В этих стихотворениях невооруженным взглядом видна (а точнее, невооруженным ухом слышна) почти обнаженная лирическая стихия. Лучшие стихи «Роз» похожи на родники, в которых подземные воды лиризма выходят на поверхность. Никогда еще скрытая, «подземная», «артезианская» суть лирики не била вот так просто и ясно, скромно, но очевидно и неоспоримо. «Нет, это не фонтан Бахчисарая» — это обычный лесной родник, иногда маленький родничок, но чистой лирической влаги. В «химически чистом виде». Такая очевидность и природно-бытовая НЕ торжественность лирической материи была, пожалуй, явлена впервые.

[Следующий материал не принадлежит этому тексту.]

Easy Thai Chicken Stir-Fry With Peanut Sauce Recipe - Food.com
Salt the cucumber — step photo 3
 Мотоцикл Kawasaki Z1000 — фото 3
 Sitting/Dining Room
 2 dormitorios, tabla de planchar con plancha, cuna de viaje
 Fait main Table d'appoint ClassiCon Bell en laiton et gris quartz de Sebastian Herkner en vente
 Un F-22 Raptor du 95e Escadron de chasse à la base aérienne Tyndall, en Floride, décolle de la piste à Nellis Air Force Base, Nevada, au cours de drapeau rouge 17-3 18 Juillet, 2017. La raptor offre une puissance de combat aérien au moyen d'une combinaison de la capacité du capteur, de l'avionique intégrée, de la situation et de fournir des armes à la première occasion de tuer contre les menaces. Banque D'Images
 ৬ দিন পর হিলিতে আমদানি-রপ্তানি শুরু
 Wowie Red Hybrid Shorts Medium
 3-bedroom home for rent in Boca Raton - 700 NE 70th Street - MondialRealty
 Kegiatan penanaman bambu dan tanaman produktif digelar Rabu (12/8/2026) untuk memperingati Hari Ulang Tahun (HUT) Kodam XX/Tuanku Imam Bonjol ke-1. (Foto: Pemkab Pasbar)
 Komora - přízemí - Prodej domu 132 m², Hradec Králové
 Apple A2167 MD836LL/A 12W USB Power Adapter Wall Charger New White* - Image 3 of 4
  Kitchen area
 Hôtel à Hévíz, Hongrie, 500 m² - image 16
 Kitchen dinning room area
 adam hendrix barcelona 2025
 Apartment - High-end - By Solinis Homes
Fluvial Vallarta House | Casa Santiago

Но вернемся к рецензии Мочульского:
«Я читаю в “Вереске”:
Никакого мне не нужно рая,
Никакая не страшна гроза —
Волосы твои перебирая
Все глядел бы в милые глаза.
Как в источник сладостный, в котором
Путник, наклонившийся страдой,
Видит с облаками и простором
Небо, отраженное водой.
А вот в “Розах”:
В глубине, на самом дне сознанья,
Как на дне колодца — самом дне —
Отблеск нестерпимого сиянья
Пролетает иногда во мне.
Не правда ли, похоже? И сюжет, и образ, и метр, и ритм, — одним словом, все элементы, которыми оперирует формальная критика. И если вы не чувствуете, что эти стихотворения столь же различны, как “лед и пламень”, что первое из них — “прелестное”, а второе — настоящее, то помочь этому нельзя»[46].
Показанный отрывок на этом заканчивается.